### [TASK OBJECTIVE]
Repeat the records below line by line, exactly, finishing on the line that contains "Panama Thumbnail".

========================

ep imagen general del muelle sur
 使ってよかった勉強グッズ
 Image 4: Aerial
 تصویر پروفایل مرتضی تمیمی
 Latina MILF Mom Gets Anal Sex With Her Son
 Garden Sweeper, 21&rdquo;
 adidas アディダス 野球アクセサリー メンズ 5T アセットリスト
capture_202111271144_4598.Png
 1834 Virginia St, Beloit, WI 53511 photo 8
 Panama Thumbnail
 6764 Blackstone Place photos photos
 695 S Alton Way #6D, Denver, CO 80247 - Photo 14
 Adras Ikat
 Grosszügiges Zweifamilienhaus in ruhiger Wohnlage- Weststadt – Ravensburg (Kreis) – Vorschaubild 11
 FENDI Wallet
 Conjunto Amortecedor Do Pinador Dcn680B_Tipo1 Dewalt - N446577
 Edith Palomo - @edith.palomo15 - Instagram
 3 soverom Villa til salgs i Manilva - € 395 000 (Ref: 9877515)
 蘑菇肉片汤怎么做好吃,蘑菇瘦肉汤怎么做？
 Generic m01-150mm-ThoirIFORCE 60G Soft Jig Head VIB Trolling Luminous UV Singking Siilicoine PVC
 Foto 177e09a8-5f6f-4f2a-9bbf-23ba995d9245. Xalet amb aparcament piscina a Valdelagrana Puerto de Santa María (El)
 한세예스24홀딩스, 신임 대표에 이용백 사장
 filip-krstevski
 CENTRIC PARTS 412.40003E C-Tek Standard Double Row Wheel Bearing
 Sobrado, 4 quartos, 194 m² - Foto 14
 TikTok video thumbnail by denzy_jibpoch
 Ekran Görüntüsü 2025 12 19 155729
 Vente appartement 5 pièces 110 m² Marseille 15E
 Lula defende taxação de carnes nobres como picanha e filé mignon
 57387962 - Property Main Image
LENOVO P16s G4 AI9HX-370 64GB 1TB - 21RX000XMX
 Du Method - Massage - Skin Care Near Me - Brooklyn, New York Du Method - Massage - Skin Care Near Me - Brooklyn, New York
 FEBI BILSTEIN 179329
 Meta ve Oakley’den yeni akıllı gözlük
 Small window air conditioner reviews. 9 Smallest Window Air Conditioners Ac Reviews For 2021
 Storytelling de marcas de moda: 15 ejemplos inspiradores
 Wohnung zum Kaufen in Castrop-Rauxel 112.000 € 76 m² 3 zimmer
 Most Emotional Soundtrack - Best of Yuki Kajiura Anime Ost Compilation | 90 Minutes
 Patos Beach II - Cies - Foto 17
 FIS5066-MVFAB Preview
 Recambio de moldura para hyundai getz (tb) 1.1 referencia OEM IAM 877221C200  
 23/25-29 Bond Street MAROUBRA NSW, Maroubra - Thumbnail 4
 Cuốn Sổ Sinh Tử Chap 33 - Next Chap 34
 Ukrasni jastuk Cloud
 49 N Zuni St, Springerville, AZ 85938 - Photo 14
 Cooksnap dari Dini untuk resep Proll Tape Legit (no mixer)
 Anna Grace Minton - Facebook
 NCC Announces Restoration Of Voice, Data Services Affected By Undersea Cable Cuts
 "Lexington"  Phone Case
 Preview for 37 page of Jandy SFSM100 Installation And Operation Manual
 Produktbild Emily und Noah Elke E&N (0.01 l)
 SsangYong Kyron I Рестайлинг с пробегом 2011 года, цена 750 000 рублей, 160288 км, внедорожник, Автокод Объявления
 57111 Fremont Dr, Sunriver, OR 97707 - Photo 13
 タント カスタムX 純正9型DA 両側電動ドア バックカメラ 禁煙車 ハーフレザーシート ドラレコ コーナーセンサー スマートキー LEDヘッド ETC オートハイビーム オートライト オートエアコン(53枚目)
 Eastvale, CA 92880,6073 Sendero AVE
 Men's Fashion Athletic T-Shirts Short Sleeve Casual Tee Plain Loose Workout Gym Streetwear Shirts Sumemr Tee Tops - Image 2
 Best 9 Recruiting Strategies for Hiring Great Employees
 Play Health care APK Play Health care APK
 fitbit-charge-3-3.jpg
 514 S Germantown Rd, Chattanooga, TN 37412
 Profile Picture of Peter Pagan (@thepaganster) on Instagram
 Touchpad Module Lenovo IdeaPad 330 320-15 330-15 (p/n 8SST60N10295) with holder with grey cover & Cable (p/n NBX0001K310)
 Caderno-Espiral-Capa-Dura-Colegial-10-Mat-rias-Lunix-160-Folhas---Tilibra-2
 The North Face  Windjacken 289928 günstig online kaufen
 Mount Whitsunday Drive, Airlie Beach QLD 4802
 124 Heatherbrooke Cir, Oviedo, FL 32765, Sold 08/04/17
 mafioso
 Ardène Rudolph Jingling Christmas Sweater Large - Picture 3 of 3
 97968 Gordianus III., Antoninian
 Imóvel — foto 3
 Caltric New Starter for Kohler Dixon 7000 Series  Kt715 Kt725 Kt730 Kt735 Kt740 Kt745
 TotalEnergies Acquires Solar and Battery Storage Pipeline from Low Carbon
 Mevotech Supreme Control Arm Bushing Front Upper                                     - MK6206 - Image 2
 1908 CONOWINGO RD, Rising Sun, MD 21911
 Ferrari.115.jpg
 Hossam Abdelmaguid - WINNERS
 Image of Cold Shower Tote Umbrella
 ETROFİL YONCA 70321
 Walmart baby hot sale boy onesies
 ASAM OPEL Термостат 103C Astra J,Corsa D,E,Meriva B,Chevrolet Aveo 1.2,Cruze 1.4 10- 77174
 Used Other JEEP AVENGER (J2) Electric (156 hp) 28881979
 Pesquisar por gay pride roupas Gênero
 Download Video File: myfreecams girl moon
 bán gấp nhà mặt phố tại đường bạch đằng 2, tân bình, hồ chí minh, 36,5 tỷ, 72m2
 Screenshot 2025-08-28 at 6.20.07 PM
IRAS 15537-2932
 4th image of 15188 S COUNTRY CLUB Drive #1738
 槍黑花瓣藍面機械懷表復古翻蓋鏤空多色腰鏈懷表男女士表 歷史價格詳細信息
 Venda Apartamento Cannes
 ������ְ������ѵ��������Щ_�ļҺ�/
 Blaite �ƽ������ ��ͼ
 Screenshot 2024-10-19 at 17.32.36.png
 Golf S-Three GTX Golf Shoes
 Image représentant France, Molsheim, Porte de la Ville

========================

### [REPLY]
ep imagen general del muelle sur
 使ってよかった勉強グッズ
 Image 4: Aerial
 تصویر پروفایل مرتضی تمیمی
 Latina MILF Mom Gets Anal Sex With Her Son
 Garden Sweeper, 21&rdquo;
 adidas アディダス 野球アクセサリー メンズ 5T アセットリスト
capture_202111271144_4598.Png
 1834 Virginia St, Beloit, WI 53511 photo 8
 Panama Thumbnail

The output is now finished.